Record set:
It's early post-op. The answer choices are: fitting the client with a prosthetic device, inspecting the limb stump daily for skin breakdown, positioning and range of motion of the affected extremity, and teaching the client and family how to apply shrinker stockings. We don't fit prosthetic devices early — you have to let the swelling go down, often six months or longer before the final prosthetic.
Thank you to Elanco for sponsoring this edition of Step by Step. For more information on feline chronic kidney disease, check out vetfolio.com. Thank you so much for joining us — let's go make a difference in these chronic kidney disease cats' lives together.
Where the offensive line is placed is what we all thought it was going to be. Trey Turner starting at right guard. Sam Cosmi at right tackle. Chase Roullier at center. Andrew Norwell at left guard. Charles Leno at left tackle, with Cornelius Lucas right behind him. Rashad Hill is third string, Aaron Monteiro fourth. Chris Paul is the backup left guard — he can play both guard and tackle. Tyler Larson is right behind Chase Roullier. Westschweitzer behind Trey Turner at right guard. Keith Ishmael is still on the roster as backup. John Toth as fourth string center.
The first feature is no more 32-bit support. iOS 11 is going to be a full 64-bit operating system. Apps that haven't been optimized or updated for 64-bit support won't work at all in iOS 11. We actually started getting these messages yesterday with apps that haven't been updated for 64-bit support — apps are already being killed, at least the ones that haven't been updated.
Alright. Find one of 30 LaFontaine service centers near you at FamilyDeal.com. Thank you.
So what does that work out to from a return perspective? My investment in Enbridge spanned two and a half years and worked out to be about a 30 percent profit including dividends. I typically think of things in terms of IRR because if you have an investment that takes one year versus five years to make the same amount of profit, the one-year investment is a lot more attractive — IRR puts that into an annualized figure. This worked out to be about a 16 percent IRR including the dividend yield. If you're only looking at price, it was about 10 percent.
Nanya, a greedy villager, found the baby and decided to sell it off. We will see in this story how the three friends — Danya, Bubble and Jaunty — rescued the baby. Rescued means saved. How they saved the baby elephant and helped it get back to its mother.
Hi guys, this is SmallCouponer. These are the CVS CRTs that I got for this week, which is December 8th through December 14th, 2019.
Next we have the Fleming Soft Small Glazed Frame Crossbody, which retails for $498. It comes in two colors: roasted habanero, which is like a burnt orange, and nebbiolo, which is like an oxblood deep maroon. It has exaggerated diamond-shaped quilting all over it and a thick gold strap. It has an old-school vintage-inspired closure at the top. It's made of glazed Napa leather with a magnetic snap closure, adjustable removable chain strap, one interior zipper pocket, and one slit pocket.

Task requirements: Copy out each line of the data that includes the string "work".

Task output:
The first feature is no more 32-bit support. iOS 11 is going to be a full 64-bit operating system. Apps that haven't been optimized or updated for 64-bit support won't work at all in iOS 11. We actually started getting these messages yesterday with apps that haven't been updated for 64-bit support — apps are already being killed, at least the ones that haven't been updated.
So what does that work out to from a return perspective? My investment in Enbridge spanned two and a half years and worked out to be about a 30 percent profit including dividends. I typically think of things in terms of IRR because if you have an investment that takes one year versus five years to make the same amount of profit, the one-year investment is a lot more attractive — IRR puts that into an annualized figure. This worked out to be about a 16 percent IRR including the dividend yield. If you're only looking at price, it was about 10 percent.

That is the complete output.